El
plumón alemán, grande, preparado para 30 grados bajo cero, está en un rincón de
mi habitación. Ya viejo, deteriorado, espera ser restaurado.
Llego
a mi casa hace mucho tiempo. Yo había salido a caballo a la cordillera del lado
chileno a comprar plumas. Los campesinos me hablaron de los alemanes. Me
dijeron que se iban y vendían todo y que allí conseguiría un plumón ya hecho.
Fui
a verlos. Vivían en una cabaña muy rústica en medio del bosque y cerca de un
cerro. Eran todos rubios, flores exóticas entre pieles morenas.

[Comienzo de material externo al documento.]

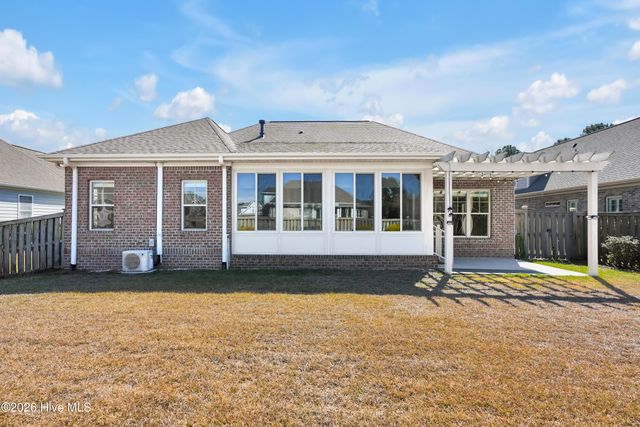 1017 Sparkle Stream Court, Leland, NC 28451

Él delgado,
espigado, ella con faldas y una gran trenza, los dos niños casi iguales.
Llegaron
con la quimera de enseñar agricultura a los campesinos. Trajeron muchas cosas,
hasta una máquina de coser, trasladando todo costosamente a través de los
campos.
La
cordillera fue cruel con ellos. Decían que la mujer se fue alcoholizando, que
tenia romances con los paisanos. No sé que más pasó, pero su sueño se hizo
trizas. Decidieron irse.
Me
invitaron a quedarme esa noche. Me acosté en un colchón en el piso cerca de
ellos. Tarde ya escuché la voz del hombre desde la oscuridad, llamándome
insistentemente en susurro. Permanecí en silencio, tensa, esperando que cediera
el apremio. Luego todo quietud.
A
la mañana les compré el plumón. Lo subimos atado a las ancas del caballo y
regrese lentamente.
Aun
guardo en mi memoria esa imagen, casi fantástica, bella y trágica a la vez.